Vicars have been told not to handle weddings involving Africans and Eastern Europeans after a clergy leader revealed that 40 sham marriages are being investigated in Accrington.

The Archdeacon of Blackburn, The Venerable John Hawley, said the incidents centered around two churches in the town, St Peter’s Church and St Andrews

In a bid to stop future problems, the Archdeacon has called on church leaders to be vigilant.

He says any suspicious marriages in Accrington will now be passed to the Blackburn Diocesan lawyer and that clergy have been issued with a checklist.

He said: "Our clergy have other things to do rather than float around sorting out sham marriages.

"They have been instructed that if anyone from eastern block countries of the European Union, and also from African states, contacts them that they should make sure they don’t handle proposed marriages themselves. They should pass it on to the registrar, the diocesan lawyer, a solicitor. And all the legal stuff regarding the couple will be handled by him."

According to The Venerable John Hawley, who oversees clergy matters in Accrington, more than 40 bogus marriages are being investigated at St Peter’s Church and St Andrews, both in Accrington, in recent months.

The UK Borders Agency have confirmed 17 operations have taken place in the North West over the summer and 49 arrests were made.

Three people involved in bogus marriages in St Peter’s Church, Accrington, face jail for involvement in sham marriages and are due to be sentenced next month.

The news follows the sentencing of a pregnant Czech bride who was jailed for her part in an Accrington sham marriage.

Monika Slepcikova, 23, of Liverpool, was seven months pregnant when she was jailed for eight months in September after pleading guilty to assisting unlawful immigration at Burnley Crown Court.

Czech Slepcikova, 23, was paid £2,000 to wed Uchenna Peter Ezimorah, 36, at St Peter’s Church, in Accrington, on June 29 last year.

But Slepcikova walked free when three senior judges at the Court of Appeal in London suspended her sentence – allowing her to give birth at home.

Archdeacon Hawley said: "It’s not a widespread thing. There were a certain set of circumstances which led to the clergy doing what they were doing. Clergy tried to be helpful in these cases but didn’t realise they were being used. That’s now stopped."

Ernie Hall, the Minister at the Trinity Community Church on Christ Church Square, Accrington, said: "I have had not had any requests for marriages that have given me any cause for concern. But it has been happening in other parts of the Accrington Deanery, which is why the Diocese is drawing up the checklist."

Joe Fielder, the vicar at St John’s Baxenden, said: "I’m glad to hear the Diocese is thinking it through.

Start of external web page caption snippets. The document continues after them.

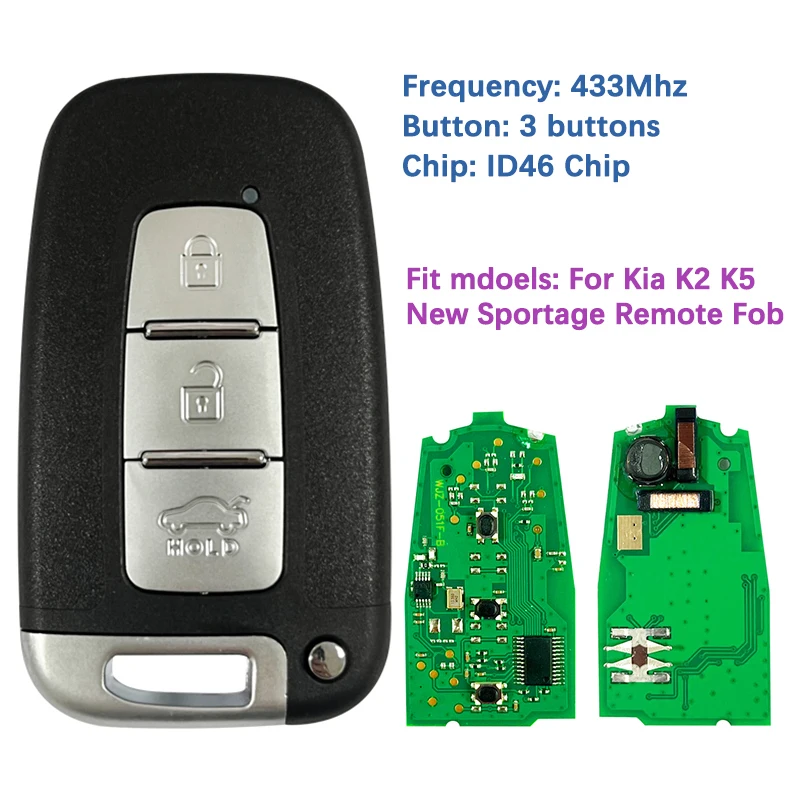 

CN051004 Aftermarket 3 Button Remote Key For Kia K2 K5 New Sportage Fob Uncut Emergency Blade 95440-2M150 433Mhz ID46 Chip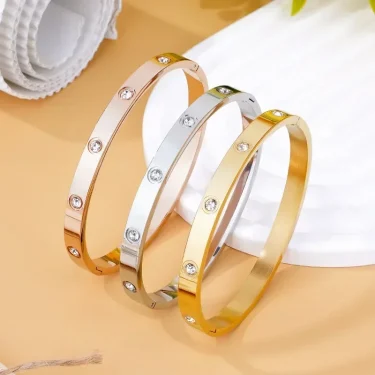 LATS Non-fading Stainless Steel Cubic Zirconia Bracelet for Women Men Couple Holiday Gift Party Everyday Fashion Jewelry 5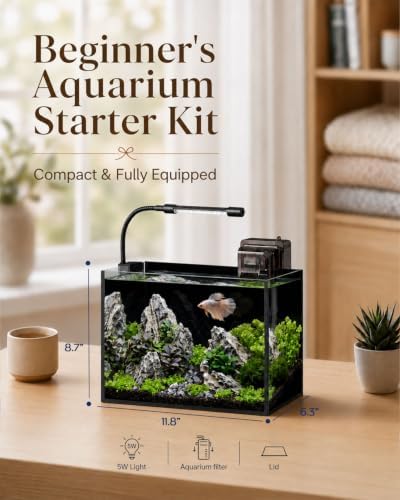 2.5 Gallon Nano Aquarium Starter Kit, Rimless Glass Fish Tank Kit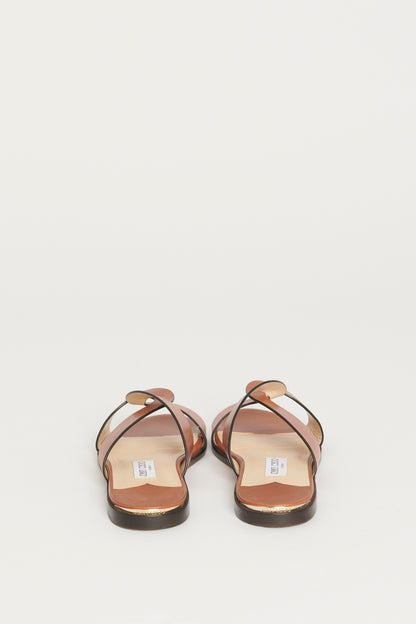 Brown Cross Over Leather OpenToe Mule Sandals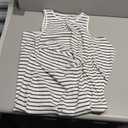 Women's Striped Twist Front Split Thight Tank Dress Crewneck Sleeveless Midi Dress Knit Casual Summer Bodycon Dress Large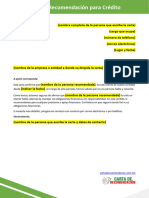 Modelo de Carta de Recomendacion Credito PDF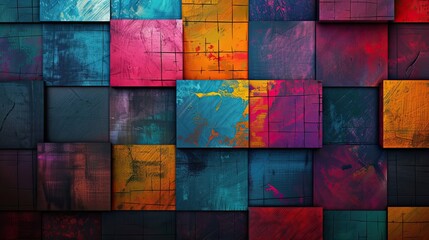 Wall Mural - Structured Bauhaus backdrop featuring colorful squares and rectangles with different textures and gradients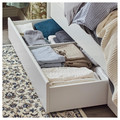 SONGESAND Bed frame with 2 storage boxes, white/Lindbåden, 140x200 cm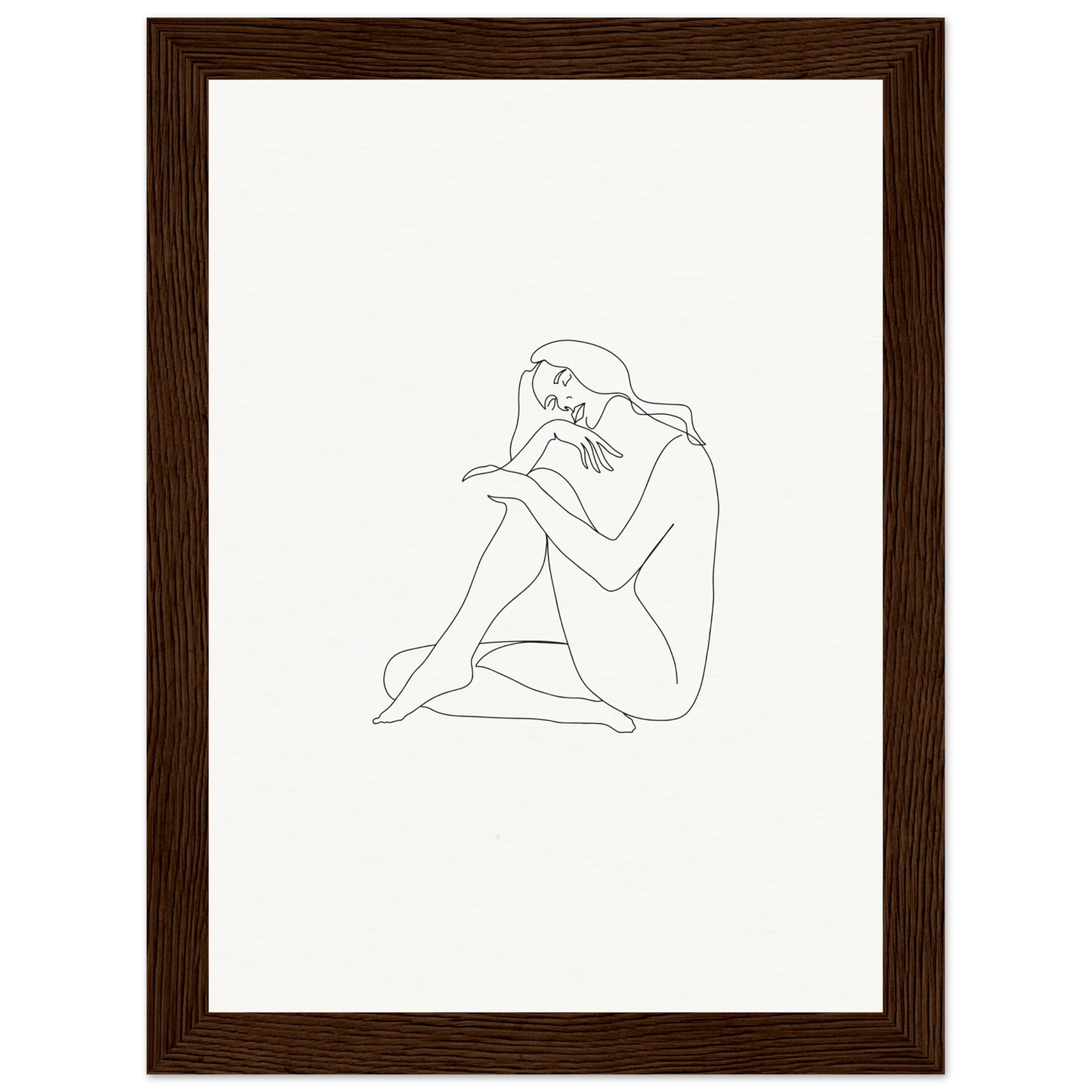 Minimalist line drawing of a seated nude figure in Mindful Dream Tangles framed wall art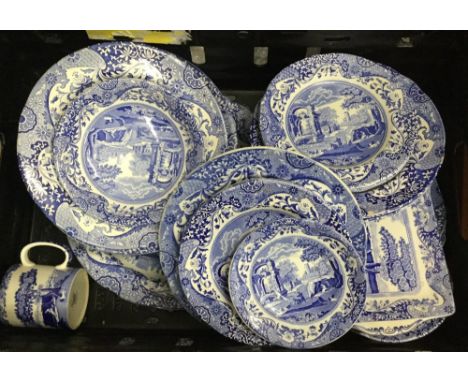 A large quantity of blue and white porcelain, predominately Copeland Spode Italian pattern 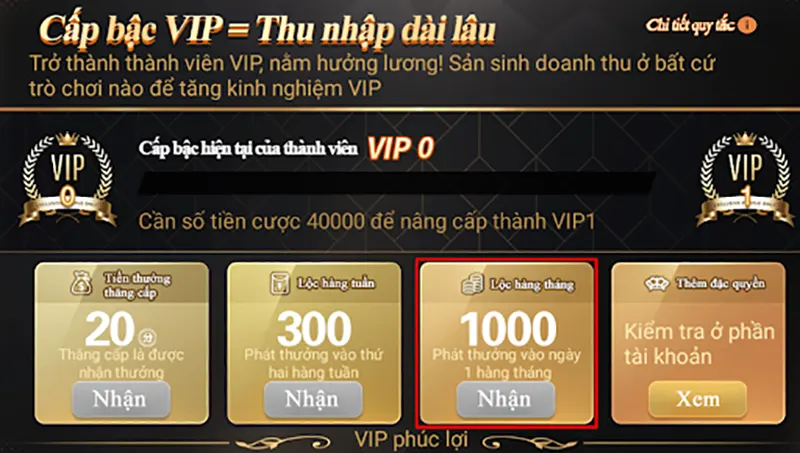 Thăng cấp VIP càng cao - Lộc hàng tháng càng nhiều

I conduct a marriage based on information people give to me. I use my common sense like any other minister would do. You can usually spot when people are being genuine."

A spokesman for Blackburn Diocese said: "All clergy in the Blackburn Diocese of the Church of England have been warned about ‘sham marriages’. They have been made aware of the legal advice available to them through the Diocesan Registrar, if they have anxieties about individual cases.

"The 14 Area Deans in the diocese have been additionally alerted to keep a watching brief in their areas through their contacts with local clergy."

He added: "It would not be appropriate to comment about the situation at St Peter’s, Accrington, as it is understood further legal cases may be under consideration. However the church wardens there have been made aware of the situation and warned about any further marriage applications that may appear suspicious."

The Venerable John Hawley added: "I would hope it will now make a difference. We obviously have to continue to do more. We are meeting next week to try and see where we can go with it."

Dave Magrath, head of the UK Border Agency Immigration Crime Team in the North-West, said: "We are committed to tackling sham marriages and take action against those who try to falsify marriages in order to gain entry to the UK.

"We have specialist teams of immigration officers and police working to investigate cases just like this and ensuring people are not able to benefit from breaking the UK’s immigration laws."


* Olarotimi Ojugbele, 41, of Loughborough Park, London, and o Nadezda Mirgova, 26, of East Road, Longsight, Manchester, have both admitted taking part in a bogus wedding.
* Anna Gabcova, 32, of Grosvenor Road, Wavertree, Liverpool, admitted assisting unlawful immigration to a member state and bigamy.